First, I’ll show how data can be scrapped from online resources with example of Trustpilot reviews. I will then walk you through text mining to illustrate how the meaningful insights can be extracted from text. Finally, I will apply few modern machine learning techniques to predict if the review is positive or negative.
As a word of caution, I am not going to use the vastly developed and complex NLP techniques for text analysis. First, because I wanted to avoid this immensely broad topic, but mainly because I wanted to illustate how supposedly simple techniques like bag-of-words and frequency tables are still very powerful and largely sufficient for most applications.
Finally, in sentiment analysis we normally talk about English text, English dictionaries. Sentiment analysis in other languages is a much less known field. I enjoyed discovering dictionaries for French text mining and I’m impatient to share my findings.
Data scrapping
For the purpose of this exercise I’ve accessed Trustpilot reviews of Monoprix. This is what the page looks like:
As you can see, the reviews are spread through several pages, so I write a small script that goes through all fo them, collecting data. To access the elements that are of interest, I look at the souce code of the page first.
For instance, I want to collect the review title, text and the rating. That’s what the code for the rating looks like:
rank_data <- webpage %>%
html_nodes('.star-rating img') %>%
html_attr("alt")
As a result we have the following dataset with 234 observations (reviews):
Obviously, the description text is rough, has lots of special characters and needs a through cleaning before sentiment analysis can be run on it.

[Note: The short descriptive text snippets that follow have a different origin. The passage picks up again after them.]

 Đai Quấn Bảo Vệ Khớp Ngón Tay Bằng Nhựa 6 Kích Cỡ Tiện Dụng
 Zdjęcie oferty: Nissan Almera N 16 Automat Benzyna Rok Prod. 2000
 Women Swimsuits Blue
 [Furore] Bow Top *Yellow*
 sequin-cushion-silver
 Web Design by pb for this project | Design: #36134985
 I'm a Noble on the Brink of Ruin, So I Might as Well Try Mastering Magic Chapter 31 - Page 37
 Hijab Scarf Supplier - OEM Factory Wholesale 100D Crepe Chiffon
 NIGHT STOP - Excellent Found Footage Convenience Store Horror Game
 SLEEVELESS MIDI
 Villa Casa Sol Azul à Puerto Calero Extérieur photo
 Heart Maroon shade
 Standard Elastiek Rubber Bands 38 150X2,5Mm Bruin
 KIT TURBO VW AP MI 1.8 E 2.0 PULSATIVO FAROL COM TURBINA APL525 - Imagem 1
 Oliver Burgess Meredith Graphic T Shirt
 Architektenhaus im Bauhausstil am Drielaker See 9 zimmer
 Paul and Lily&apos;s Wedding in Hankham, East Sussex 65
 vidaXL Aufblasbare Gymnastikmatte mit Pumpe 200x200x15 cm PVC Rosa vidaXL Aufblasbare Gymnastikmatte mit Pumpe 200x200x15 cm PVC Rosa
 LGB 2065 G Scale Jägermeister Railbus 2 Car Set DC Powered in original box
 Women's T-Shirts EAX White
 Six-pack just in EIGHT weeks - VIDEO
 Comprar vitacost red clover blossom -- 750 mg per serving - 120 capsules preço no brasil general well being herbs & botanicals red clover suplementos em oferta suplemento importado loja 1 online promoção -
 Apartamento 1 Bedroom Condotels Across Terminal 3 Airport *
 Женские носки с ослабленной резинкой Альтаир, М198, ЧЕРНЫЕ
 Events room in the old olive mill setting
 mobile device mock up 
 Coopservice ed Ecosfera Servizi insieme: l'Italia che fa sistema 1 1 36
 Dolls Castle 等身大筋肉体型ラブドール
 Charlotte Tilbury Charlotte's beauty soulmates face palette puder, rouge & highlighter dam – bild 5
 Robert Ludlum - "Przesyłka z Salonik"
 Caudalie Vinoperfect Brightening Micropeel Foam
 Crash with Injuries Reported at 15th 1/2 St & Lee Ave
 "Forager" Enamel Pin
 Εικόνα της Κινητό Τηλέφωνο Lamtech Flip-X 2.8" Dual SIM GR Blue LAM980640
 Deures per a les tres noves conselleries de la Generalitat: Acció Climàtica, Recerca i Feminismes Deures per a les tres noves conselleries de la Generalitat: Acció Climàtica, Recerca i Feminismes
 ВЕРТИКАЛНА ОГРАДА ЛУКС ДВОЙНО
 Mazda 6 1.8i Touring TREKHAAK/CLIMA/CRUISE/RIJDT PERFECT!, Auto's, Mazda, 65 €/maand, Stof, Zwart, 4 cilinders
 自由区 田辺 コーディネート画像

Text mining and preliminary analysis
I convert the review text into a special object called text corpus and run transformations on it. The basic ones are removing numbers, punctuation, extra white space and special characters like apostrophes and semicolons, followed by transforming the text to lower case.
Next, the stopwords are removed (the words that are common to a given language but don’t give out any sentiment, like, for instance, ‘is’, ‘are’ and ‘the’ in English or ‘de’, ‘la’ and ‘sont’ in French).
This is what the stripped text looks like:
## <<SimpleCorpus>>
## Metadata: corpus specific: 1, document level (indexed): 0
## Content: documents: 4
##
## [1] moitié produits commandés ligne disponibles donc livrés livraison a lieux minutes plus tard heure indiqué fruit légumes sûrement pires stock plus tout produits date expiration lendemain jours suivants!plus jamais
## [2] pourquoi monoprix embauche seniors cv jamais entretien
## [3] bonjour souhaite souligner efficacité service client ainsi gentillesse disponibilité personnel aime acheter articles mode ainsi lingerie excellent rapport qualité prix côté très branché plus période soldes beaucoup affaires disponibles compris site bravo
## [4] monoprix narbonne a tres evolué espaces fonctionnels tres organisés tres jolies choses tres pratiquepar contre responsable tres désagréable repond sèchement moque clients certaines salariées aucune discretion dommage peut etre direction pourrait envoyer formation puisse acquérir certaines bases accueil respect clientcela plus ans viens magasin bien plus venais mere ponpon
Finally, the text corpus is sometimes stemmed. Stemming is removing the words endings so that the root only counts for sentiment analysis. In the stemmed text, the words ‘run’, ‘runs’ and ‘running’ will count as the same word three times. It makes sense for machine analysis, but doesn’t please to a human reader. Thus, I skip stemming and move on to building a term document matrix, which is basically a matrix containing the frequency of the terms we encounter in the analyzed text.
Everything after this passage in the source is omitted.